Frontal nudity and graphic sex scenes abound in this movie. The initial scene shows a naked nubile girl preening in front of a mirror. She repeatedly whispers the words ‘I love you,’ which are barely heard amidst the noise of motor vehicles outside the room. Eighty-eight minutes later, I was muttering ‘I love this film.’

With Serbis, scriptwriter Armando Lao shows why he is the master and originator of the ‘real-time’ mode, which emphasizes the power of the place. In this film, Lao deals with the lives of denizens in a decaying movie house that features soft-porn flicks. Nanay Flor (played magnificently by Gina Pareño), matriarch of the family running the crumbling business, is deeply involved in a case against her philandering husband. Her daughter Nayda (Jaclyn Jose) gets embroiled in an incestuous relationship. Male prostitutes loiter in the lobby. At the end of the film, a movie house employee named Alan (Coco Martin) had enough of filthy things and promptly leaves the place.

A major strength of the film is its realism. The audience squirms as Alan cleans the clogged toilets and his buttock. These and other scenes of squalor are probably alien to foreign critics who lambasted the film. But, there are scenes that should have been excluded or minimized. Mendoza sometimes belittles the intelligence of his audience. A case in point is a scene showing a vehicle clearly going the wrong way. Mendoza finds it necessary to supply a close-up shot of the ‘One-way’ sign.

The trademark kinetic camerawork of a ‘real-time’ film is also here. The camera follows Nayda as she traverses the stairways and dark hallways of the movie theater. After opening the door of the projection room, she seems to be taken aback by what she sees. The scene then cuts to a shot of a hunky projectionist playing with himself.
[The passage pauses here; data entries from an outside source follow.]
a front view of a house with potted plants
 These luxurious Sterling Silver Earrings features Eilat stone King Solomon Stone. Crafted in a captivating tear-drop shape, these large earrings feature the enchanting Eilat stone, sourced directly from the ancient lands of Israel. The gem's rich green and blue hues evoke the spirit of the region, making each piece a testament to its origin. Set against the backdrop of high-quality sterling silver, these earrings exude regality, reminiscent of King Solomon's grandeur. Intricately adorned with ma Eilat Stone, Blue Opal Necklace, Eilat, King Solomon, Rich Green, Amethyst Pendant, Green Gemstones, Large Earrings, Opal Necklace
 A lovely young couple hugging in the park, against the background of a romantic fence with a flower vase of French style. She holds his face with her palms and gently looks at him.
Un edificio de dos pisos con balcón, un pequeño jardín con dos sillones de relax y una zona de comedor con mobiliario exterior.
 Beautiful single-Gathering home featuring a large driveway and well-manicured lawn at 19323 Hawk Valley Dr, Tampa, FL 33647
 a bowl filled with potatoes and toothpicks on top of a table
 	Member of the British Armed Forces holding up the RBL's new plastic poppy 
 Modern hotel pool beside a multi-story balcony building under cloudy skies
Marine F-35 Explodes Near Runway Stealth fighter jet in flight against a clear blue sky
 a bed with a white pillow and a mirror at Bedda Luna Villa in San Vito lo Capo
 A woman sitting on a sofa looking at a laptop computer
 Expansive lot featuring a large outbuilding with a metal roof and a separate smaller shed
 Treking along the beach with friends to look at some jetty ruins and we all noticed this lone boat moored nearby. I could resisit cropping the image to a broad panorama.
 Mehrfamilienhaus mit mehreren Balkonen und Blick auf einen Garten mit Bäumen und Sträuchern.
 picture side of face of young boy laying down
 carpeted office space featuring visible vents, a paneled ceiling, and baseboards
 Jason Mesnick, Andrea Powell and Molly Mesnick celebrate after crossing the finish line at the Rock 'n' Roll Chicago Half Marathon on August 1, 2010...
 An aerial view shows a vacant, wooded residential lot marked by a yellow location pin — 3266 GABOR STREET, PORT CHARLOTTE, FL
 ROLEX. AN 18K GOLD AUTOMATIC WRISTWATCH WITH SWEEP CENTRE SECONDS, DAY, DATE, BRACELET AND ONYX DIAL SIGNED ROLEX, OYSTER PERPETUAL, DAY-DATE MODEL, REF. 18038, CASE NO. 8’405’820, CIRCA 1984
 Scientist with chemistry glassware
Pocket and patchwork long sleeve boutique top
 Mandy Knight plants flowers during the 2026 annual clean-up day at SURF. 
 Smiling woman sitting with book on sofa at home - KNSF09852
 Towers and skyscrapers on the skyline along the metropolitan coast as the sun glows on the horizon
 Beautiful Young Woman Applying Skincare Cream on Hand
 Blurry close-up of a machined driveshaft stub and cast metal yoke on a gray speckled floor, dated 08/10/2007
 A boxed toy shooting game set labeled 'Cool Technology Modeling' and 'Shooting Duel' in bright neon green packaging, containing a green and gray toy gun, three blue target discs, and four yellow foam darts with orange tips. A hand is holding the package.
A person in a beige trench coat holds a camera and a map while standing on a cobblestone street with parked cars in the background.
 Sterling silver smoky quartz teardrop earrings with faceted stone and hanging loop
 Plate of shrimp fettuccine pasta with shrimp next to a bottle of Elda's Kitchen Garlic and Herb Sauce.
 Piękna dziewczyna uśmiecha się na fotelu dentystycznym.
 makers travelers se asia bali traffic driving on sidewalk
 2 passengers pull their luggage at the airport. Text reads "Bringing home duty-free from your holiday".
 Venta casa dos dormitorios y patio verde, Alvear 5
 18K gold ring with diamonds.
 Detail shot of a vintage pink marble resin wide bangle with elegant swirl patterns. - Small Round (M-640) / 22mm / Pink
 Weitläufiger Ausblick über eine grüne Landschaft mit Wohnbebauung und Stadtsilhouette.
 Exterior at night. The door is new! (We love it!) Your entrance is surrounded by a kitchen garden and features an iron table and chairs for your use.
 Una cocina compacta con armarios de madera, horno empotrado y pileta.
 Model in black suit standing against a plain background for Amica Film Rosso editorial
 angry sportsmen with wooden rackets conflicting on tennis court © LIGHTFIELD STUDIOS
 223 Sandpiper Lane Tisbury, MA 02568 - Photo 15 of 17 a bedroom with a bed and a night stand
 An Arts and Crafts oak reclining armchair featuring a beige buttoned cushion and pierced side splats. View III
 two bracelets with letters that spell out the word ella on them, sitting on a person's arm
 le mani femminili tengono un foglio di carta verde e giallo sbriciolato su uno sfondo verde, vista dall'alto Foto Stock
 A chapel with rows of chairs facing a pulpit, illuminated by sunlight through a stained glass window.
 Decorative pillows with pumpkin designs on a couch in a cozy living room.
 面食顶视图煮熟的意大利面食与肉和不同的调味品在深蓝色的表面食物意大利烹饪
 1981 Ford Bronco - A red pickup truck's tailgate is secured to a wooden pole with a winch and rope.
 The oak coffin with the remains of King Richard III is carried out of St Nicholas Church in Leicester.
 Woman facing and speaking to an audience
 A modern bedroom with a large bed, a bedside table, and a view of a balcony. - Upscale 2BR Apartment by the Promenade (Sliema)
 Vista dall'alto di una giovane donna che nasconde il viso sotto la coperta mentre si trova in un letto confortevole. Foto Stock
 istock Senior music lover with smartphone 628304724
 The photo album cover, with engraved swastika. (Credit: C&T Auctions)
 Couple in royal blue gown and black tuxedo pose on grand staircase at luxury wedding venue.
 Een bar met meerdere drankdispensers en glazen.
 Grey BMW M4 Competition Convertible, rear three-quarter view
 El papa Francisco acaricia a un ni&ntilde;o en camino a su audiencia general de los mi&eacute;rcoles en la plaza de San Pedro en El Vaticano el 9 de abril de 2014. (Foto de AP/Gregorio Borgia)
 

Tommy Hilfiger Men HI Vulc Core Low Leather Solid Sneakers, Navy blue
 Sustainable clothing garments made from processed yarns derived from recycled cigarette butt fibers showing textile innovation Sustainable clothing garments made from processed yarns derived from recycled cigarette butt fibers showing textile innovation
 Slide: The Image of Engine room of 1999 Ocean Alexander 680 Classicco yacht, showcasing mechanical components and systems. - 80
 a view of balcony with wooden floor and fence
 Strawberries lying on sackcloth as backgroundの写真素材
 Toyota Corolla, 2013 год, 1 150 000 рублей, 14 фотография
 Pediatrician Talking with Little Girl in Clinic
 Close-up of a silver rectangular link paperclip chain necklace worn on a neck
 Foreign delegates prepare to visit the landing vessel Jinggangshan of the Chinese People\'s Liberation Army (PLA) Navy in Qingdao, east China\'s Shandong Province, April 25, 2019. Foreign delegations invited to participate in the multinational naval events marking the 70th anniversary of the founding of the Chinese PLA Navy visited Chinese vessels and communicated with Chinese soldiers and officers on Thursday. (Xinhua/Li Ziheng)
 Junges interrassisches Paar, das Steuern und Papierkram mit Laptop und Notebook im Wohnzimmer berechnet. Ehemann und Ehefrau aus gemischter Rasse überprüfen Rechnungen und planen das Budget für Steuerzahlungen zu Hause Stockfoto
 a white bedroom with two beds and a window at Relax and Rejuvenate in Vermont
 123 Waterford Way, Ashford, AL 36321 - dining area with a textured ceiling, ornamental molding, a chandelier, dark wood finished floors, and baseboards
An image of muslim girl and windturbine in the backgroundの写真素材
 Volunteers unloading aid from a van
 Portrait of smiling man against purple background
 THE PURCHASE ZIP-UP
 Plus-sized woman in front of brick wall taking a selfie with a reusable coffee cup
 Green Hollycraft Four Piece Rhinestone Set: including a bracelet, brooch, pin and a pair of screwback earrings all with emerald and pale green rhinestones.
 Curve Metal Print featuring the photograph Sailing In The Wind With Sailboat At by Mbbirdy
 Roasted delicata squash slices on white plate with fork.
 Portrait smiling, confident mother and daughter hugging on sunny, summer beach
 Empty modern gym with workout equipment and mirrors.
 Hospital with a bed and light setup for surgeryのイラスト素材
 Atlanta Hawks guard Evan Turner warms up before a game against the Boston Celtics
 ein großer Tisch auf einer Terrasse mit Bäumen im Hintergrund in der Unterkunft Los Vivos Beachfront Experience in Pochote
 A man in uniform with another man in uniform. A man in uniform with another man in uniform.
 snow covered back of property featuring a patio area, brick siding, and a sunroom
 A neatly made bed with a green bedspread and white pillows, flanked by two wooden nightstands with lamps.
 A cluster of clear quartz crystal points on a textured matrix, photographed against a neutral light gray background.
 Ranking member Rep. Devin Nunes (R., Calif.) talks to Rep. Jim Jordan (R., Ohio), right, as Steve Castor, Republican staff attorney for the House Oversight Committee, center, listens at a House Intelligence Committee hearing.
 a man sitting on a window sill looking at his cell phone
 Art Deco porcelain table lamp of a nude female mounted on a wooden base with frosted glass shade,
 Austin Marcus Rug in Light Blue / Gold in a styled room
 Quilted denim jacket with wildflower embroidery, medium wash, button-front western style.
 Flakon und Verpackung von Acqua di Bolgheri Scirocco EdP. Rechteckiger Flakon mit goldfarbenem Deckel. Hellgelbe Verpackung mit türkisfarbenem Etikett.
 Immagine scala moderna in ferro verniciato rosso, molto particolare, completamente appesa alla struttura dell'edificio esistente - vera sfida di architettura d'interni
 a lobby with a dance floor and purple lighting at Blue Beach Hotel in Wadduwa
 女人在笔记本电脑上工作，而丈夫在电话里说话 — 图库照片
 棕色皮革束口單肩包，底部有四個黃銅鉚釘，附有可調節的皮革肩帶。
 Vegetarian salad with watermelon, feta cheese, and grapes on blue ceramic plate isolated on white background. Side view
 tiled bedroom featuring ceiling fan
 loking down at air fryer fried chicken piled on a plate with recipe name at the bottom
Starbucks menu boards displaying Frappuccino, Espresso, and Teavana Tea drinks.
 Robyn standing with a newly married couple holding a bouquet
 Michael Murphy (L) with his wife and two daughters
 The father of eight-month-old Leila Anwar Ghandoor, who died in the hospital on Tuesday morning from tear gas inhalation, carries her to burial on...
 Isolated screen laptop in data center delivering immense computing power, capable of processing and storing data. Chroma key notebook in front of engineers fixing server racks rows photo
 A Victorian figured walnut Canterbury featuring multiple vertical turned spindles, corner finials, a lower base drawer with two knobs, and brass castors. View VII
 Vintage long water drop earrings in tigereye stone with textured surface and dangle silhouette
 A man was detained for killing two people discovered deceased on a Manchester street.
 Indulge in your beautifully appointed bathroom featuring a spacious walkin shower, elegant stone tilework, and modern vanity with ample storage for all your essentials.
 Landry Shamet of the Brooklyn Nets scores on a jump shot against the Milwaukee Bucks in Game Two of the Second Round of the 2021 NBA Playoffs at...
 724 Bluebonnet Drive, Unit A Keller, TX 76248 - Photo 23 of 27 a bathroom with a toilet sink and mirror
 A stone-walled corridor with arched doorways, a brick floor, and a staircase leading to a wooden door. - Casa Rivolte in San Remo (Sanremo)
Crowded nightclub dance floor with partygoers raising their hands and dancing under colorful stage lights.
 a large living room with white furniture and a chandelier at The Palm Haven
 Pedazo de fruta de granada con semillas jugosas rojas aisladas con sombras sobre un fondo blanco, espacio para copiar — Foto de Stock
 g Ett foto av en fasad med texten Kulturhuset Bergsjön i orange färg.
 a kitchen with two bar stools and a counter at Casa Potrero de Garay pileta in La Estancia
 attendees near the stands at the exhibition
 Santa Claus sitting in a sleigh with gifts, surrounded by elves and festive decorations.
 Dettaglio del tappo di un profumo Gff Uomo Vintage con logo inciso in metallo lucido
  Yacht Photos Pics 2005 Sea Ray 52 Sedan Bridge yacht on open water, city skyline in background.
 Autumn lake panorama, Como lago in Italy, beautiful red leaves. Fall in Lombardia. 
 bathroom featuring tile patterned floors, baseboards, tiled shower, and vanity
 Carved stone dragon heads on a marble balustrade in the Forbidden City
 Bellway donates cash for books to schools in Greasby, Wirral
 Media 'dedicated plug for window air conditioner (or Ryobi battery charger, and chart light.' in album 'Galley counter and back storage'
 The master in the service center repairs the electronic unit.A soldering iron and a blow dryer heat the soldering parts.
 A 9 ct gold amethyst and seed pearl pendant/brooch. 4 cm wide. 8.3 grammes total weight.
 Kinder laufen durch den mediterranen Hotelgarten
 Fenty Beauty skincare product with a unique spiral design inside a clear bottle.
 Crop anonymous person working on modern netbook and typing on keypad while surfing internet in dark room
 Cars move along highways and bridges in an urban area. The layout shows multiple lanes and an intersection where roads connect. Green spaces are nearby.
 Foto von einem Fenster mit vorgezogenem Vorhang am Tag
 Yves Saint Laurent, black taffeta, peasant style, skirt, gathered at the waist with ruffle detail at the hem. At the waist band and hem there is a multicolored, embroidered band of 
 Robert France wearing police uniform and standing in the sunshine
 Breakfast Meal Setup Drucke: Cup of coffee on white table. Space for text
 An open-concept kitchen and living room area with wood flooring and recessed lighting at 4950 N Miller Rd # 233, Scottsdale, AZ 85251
The Movie and Television Review and Classification Board initially gave the film an X rating. In response to the board’s action, Dante Mendoza and Bing Lao inexplicably sought a compromise and allowed the snipping of some scenes in order for the film to be shown in a mall in 2008. That was a grave mistake committed by the duo. What does it profit filmmakers if they gain a wider audience but loses their creative vision and soul?

Mendoza learned his lesson and vowed not to show future films in an edited version. In anticipation of the full run of Lao and Mendoza’s Kinatay at UP Cine Adarna, the UP Film Institute is showing award-winning works of Mendoza such as Serbis, Masahista, Manoro, and Tirador during this month of September 2009. Excluding Masahista, all films are recommended especially Serbis, a top-notch example of ‘real-time’ films.